6Intégrer la dimension spatiale dans les problématiques et systématiser cette intégration n’impliquent donc pas d’ajouter un facteur ou une causalité « proprement spatial(e) » dans l’explication des faits sociaux. Mais, réciproquement, refuser le principe de « l’espace actif » ne veut pas dire que la dimension spatiale soit sans importance. La structuration spatiale des rapports sociaux a bien évidemment des effets, ou plutôt : des rapports sociaux ayant une certaine configuration spatiale n’auront pas les mêmes effets sur les pratiques et les représentations que des rapports sociaux en ayant une autre. Impossible ici de penser « toutes choses égales par ailleurs » car une dimension n’est pas une « variable » isolable : si la structuration spatiale est constitutive des rapports sociaux, ces derniers changent avec elle d’une façon ou d’une autre.

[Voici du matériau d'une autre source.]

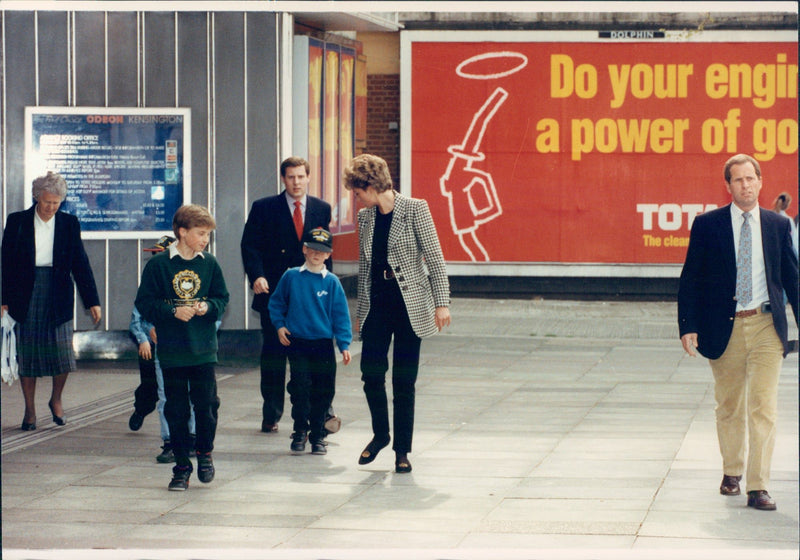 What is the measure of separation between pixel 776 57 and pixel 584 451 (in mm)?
11875

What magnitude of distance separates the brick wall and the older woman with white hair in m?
10.4

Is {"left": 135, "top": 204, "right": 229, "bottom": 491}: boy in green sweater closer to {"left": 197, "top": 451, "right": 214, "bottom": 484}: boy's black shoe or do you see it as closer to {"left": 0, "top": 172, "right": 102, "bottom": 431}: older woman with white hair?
{"left": 197, "top": 451, "right": 214, "bottom": 484}: boy's black shoe

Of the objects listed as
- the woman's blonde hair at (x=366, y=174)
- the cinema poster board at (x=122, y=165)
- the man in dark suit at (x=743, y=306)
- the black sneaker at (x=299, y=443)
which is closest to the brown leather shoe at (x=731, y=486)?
the man in dark suit at (x=743, y=306)

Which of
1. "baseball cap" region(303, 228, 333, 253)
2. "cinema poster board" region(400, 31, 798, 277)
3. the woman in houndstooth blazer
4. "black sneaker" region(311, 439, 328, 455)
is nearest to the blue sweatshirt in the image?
"baseball cap" region(303, 228, 333, 253)

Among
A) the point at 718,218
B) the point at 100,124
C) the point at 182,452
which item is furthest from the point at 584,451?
the point at 100,124

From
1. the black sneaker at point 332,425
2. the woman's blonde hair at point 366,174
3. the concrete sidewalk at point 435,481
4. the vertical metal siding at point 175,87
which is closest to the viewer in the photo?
the concrete sidewalk at point 435,481

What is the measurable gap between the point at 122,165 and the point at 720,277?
6.77 meters

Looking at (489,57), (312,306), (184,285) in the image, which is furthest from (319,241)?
(489,57)

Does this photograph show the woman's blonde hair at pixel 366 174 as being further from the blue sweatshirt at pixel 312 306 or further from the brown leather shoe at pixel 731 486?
the brown leather shoe at pixel 731 486

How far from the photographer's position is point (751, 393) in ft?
21.7

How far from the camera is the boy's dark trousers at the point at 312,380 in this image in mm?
7852

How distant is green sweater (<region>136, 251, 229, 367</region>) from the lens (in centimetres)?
685

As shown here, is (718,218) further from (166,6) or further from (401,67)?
(401,67)

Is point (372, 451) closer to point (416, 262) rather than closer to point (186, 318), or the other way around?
point (416, 262) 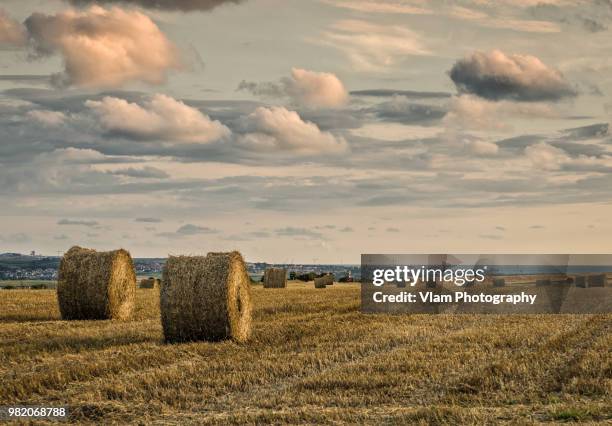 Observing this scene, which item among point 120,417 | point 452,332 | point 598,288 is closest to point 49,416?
point 120,417

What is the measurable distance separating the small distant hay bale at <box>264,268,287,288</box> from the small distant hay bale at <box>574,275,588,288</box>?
17.5 meters

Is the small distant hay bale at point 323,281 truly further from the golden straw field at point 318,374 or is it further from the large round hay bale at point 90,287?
the golden straw field at point 318,374

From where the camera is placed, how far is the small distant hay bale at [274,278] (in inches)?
1843

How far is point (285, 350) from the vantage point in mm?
16781

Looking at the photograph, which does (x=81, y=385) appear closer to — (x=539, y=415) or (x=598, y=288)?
(x=539, y=415)

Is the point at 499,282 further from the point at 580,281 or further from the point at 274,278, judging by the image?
the point at 274,278

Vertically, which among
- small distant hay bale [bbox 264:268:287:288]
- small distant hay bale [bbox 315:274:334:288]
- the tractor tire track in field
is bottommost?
small distant hay bale [bbox 315:274:334:288]

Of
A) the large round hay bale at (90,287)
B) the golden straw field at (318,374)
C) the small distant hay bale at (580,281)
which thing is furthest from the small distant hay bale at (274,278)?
the golden straw field at (318,374)

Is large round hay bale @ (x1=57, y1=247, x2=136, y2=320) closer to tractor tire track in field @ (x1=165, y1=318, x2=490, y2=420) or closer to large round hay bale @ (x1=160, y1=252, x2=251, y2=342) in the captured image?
large round hay bale @ (x1=160, y1=252, x2=251, y2=342)

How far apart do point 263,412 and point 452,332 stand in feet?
35.8

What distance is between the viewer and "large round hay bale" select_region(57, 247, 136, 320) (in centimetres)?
2377

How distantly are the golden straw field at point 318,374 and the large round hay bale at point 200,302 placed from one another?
70 centimetres

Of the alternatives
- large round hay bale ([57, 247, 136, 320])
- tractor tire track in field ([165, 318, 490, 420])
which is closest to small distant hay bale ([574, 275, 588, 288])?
tractor tire track in field ([165, 318, 490, 420])

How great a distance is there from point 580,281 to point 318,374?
38802 mm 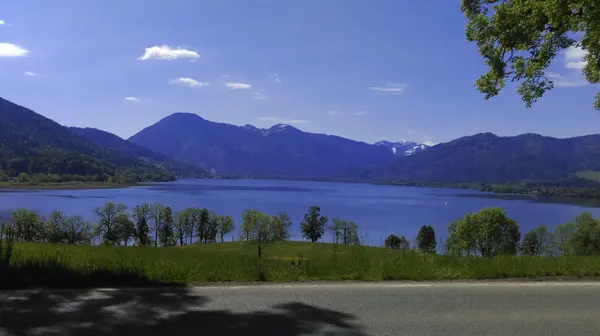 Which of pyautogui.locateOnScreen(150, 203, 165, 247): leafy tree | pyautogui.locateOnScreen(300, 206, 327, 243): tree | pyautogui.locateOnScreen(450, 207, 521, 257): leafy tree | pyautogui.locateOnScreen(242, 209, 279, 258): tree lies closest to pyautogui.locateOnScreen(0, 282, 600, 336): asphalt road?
pyautogui.locateOnScreen(242, 209, 279, 258): tree

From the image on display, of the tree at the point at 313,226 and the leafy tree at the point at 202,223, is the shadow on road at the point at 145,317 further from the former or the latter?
the leafy tree at the point at 202,223

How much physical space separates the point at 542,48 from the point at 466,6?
2.68m

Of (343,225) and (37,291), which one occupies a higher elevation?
(37,291)

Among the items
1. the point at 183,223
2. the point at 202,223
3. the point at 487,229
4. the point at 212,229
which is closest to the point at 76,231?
the point at 183,223

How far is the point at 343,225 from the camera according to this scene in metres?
98.4

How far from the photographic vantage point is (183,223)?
10312cm

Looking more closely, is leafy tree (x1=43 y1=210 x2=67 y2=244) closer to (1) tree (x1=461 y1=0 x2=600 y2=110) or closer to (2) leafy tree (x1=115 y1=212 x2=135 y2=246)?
(2) leafy tree (x1=115 y1=212 x2=135 y2=246)

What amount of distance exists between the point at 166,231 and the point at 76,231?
1953 cm

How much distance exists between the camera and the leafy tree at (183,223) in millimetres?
102688

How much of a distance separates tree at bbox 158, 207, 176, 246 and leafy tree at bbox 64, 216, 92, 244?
15.9 m

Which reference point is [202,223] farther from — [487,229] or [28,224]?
[487,229]

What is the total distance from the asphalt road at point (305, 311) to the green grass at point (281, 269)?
0.73m

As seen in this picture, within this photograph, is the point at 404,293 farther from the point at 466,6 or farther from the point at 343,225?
the point at 343,225

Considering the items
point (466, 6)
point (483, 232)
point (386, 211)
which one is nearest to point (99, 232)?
point (483, 232) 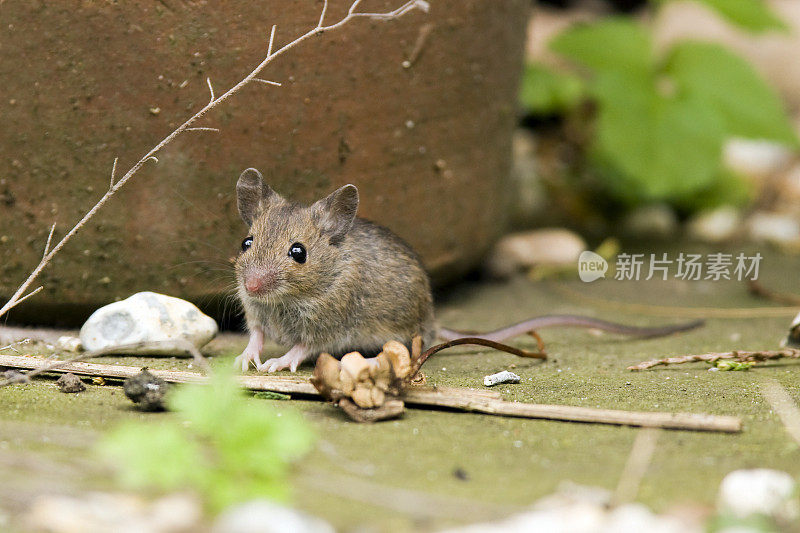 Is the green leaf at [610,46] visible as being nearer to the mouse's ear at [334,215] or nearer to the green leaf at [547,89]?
the green leaf at [547,89]

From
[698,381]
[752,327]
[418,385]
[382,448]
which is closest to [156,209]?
[418,385]

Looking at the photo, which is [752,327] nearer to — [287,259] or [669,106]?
[669,106]

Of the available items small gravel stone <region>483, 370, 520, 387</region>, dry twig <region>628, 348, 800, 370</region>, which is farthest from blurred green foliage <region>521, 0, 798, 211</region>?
small gravel stone <region>483, 370, 520, 387</region>

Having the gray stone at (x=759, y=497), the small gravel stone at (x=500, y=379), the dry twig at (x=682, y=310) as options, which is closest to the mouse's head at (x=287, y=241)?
the small gravel stone at (x=500, y=379)

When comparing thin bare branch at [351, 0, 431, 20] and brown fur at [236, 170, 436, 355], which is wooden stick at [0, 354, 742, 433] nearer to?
brown fur at [236, 170, 436, 355]

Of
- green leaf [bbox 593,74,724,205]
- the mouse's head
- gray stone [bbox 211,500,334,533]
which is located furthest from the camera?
green leaf [bbox 593,74,724,205]

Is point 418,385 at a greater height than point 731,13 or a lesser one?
lesser

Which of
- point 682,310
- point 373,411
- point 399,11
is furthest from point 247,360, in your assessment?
point 682,310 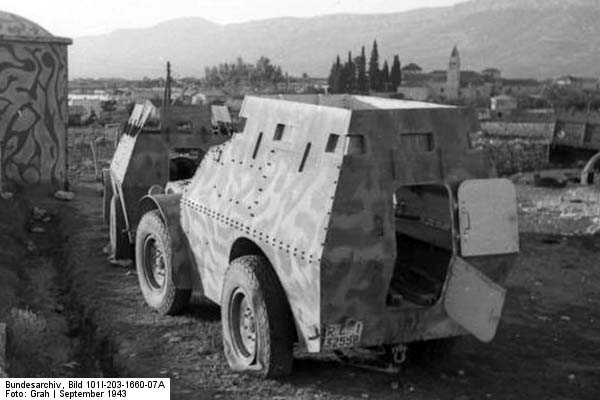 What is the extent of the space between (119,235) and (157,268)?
2083 mm

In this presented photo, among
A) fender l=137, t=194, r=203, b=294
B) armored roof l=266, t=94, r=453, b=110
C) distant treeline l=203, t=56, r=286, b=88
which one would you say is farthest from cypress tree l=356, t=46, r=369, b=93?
fender l=137, t=194, r=203, b=294

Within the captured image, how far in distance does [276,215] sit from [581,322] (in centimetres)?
429

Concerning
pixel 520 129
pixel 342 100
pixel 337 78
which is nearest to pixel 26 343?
pixel 342 100

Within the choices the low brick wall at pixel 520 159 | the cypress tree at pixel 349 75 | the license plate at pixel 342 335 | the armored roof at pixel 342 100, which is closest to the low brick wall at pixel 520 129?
the low brick wall at pixel 520 159

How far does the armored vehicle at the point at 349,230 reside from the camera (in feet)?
18.1

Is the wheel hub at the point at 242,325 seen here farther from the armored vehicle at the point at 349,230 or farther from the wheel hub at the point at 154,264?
the wheel hub at the point at 154,264

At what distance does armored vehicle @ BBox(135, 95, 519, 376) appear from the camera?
5523 mm

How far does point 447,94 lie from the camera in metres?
98.2

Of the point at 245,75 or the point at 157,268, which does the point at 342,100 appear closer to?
the point at 157,268

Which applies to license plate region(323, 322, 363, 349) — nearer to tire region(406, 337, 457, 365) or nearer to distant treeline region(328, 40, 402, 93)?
tire region(406, 337, 457, 365)

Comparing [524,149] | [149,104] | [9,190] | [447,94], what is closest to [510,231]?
[149,104]

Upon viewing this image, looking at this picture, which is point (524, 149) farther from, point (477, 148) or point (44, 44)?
point (477, 148)

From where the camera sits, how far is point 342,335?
18.4 ft

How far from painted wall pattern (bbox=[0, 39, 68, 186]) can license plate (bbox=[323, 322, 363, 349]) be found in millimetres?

7Mais les choses se compliquent quand on réalise qu’un même type de structuration spatiale (ou ce qui semble être une même forme spatiale) peut caractériser des rapports sociaux variés voire opposés. C’est particulièrement net quand on analyse les échelles ou rapports centre/périphérie. Sabine Planel et Irène Pereira montrent ainsi qu’il ne faut pas considérer a priori que les structures « décentralisées » ou « en réseaux » sont plus démocratiques que les structures « centralistes » et « pyramidales ». La première dépeint un pouvoir toujours aussi central qui feint de décentraliser alors qu’il quadrille les populations sous contrôle. La seconde souligne que les formes dites « horizontales » des « réseaux » n’éliminent pas les rapports de domination mais les rendent plus informels, et l’on peut ajouter : plus difficiles à repérer et à combattre. Robert Hérin décrit quant à lui, sur la longue durée, comment une succession de modes de production, qui impliquent aussi différents rapports de domination, se manifestent en différentes configurations spatiales dans une même région (espagnole). Il souligne aussi qu’à chaque époque le système d’exploitation se voit légitimé au nom d’intérêts communs à toute la population régionale, un sentiment d’appartenance régionale permettant de faire oublier ou minimiser les divisions qui traversent ce monde social et leur articulation avec des rapports de production et de domination qui se déploient à des échelles plus vastes.
8On voit à quel point la question des formes ou échelles d’organisation des pouvoirs est à la fois une question scientifique et une question politique majeure. Mais celle-ci est piégée par nombre de faux débats ou de faux arguments purement rhétoriques consistant précisément à confondre la forme ou l’échelle et la nature des rapports sociaux. Contrairement à ce que prétendent les promoteurs de « l’ouverture » contre le « repli national » ou « local », lutter contre l’UE ou la mondialisation économique et financière dans un contexte capitaliste néolibéral ne revient pas à refuser le principe d’une échelle européenne ou mondiale d’organisation de certaines relations sociales (économiques, politiques, culturelles…). Tout comme défendre « l’échelle locale » ou « la proximité » peut être « réactionnaire » ou « progressiste ». Mais cela ne veut pas dire que les échelles sont indifférentes pour les rapports sociaux. Développer par exemple des échanges économiques à l’échelle mondiale plutôt que locale pour tous les produits a des effets dans tous les domaines : économiques (coût des déplacements, existence d’intermédiaires…) mais aussi environnementaux (dépenses énergétiques, pollutions…), relationnels (possibilité ou non d’une relation directe entre producteurs et consommateurs par exemple), ou encore politiques (existence d’une instance politique englobant ou au contraire traversée par la relation…).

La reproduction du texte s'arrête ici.